With respect to Item 1203(b), during 2010 there were no material conversions of proved undeveloped reserves to proved developed reserves to disclose. The primary factor in the positive revisions to natural gas proved undeveloped reserves for the year ended December 31, 2010 was a 28% increase in natural gas prices to $4.13 per Mcf for 2010 in comparison to $3.22 for 2009, as reflected in pricing disclosure in the paragraph at the bottom of page F-34. This price increase resulted in certain natural gas proved undeveloped locations becoming economic, adding approximately 6.0 Bcf of proved undeveloped natural gas reserves. We note that this increase only represented 4.7% in total proved reserves and therefore was deemed immaterial for the Company’s disclosures.
With respect to Item 1203(c), the capital expenditures made during 2010 to convert proved undeveloped reserves to proved developed reserves, are reflected in the “Changes in Standardized Measure of Discounted Negative Cash Flows” table as “Development costs incurred”, on page F-34 of the 10-K.
Notwithstanding the above, in acknowledging the Staff’s comments, and subject to any additional comments, we propose to include the following information in the notes following the disclosure table on page F-33 in our Form 10-K for December 31, 2011, addressing capital expenditures made during the year and progress made during the year to convert proved undeveloped reserves to proved developed reserves (new language is underlined):
(1) Undeveloped reserves transferred to developed reserves were [ Boe] for the year ended December 31, 2011. Capital costs incurred to convert these proved undeveloped reserves to proved developed reserves were [$ ]million
(2) The Company revised its 2011 year-end proved reserves upward [downward] by Boe ,
3
primarily resulting from increased [decreased] pricing of $ per Mcfe and $ per barrel of oil in 2011 compared to pricing of $ per Mcfe and $ per barrel of oil in 2010. Revisions in proved reserves resulting from performance and other factors represented ( %) of the increase [decrease].
Exhibit 99.1
Comment 4. We refer you to Items 1202(a)(8)(ii), 1202(a)(8)(iv) and 1202(a)(8)(ix) of Regulation S-K. Please obtain and file a revised report from Williamson Petroleum Consultants, Inc. which includes the following information:
· The date on which the report was completed. The date listed of February 17, 2010 does not appear to coincide with the date of the estimate.
Response. In response to this portion of the comment, WPCI has advised the Company that it has corrected the typographical error and inserted the correct date of February 17, 2011 in a revised report to be filed with the Commission.
· A statement that the assumptions, data, methods, and production used in the report is appropriate for the purpose served by the report.

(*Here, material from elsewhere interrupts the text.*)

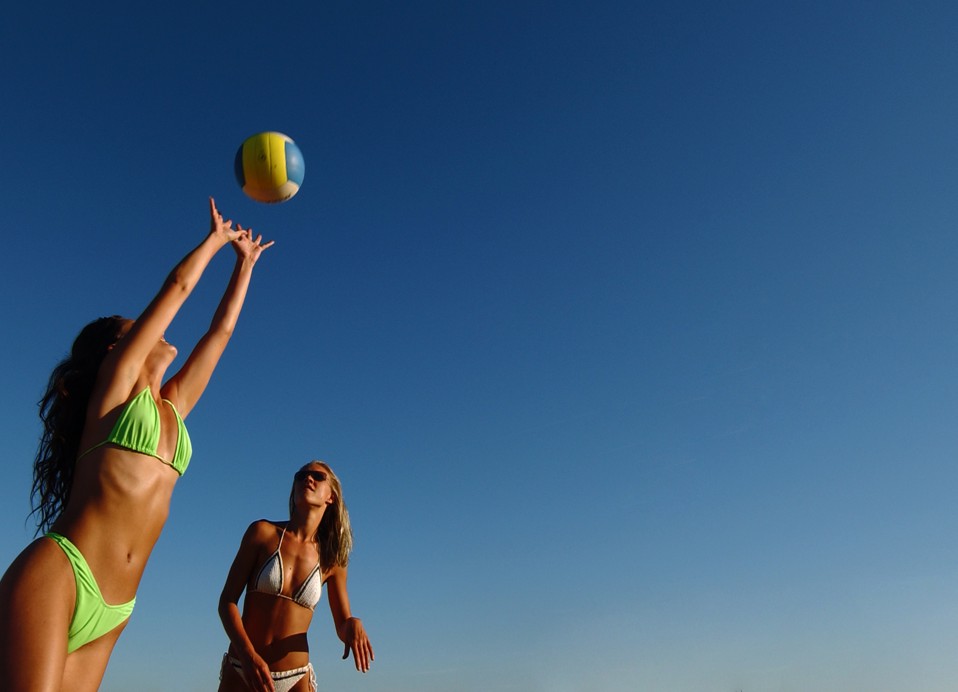 Gosti igrajo odbojko na plaži pred družinskim hotelom Aminess Vival Lišanj.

The statement on page three of the report stating that “The estimates of reserves contained in this report were determined by accepted industry methods deemed appropriate for this type of evaluation” is not sufficient.

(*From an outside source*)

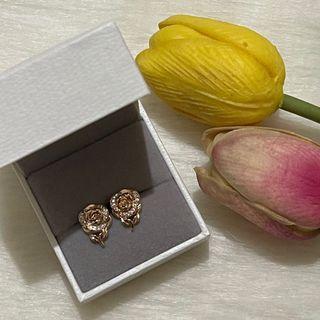 💯🧚‍♀️🥀Mikana Princess Belle “Beauty & the Beast” Rosette Rose Gold Plated Earrings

Response. In response to this portion of the comment, WPCI has advised the Company that the sentences or revised sentences shown below are included in the revised report to be filed with the Commission:
[As a new paragraph fourth from the end of the report the following sentence will be inserted]: “Williamson considers the assumptions, data, methods and procedures used in this report appropriate for the purpose hereof, and we have used all such methods and procedures that we consider necessary and appropriate to prepare the estimates of reserves and future net revenue herein.”
· A brief summary of the third party’s conclusions with respect to the reserve estimates.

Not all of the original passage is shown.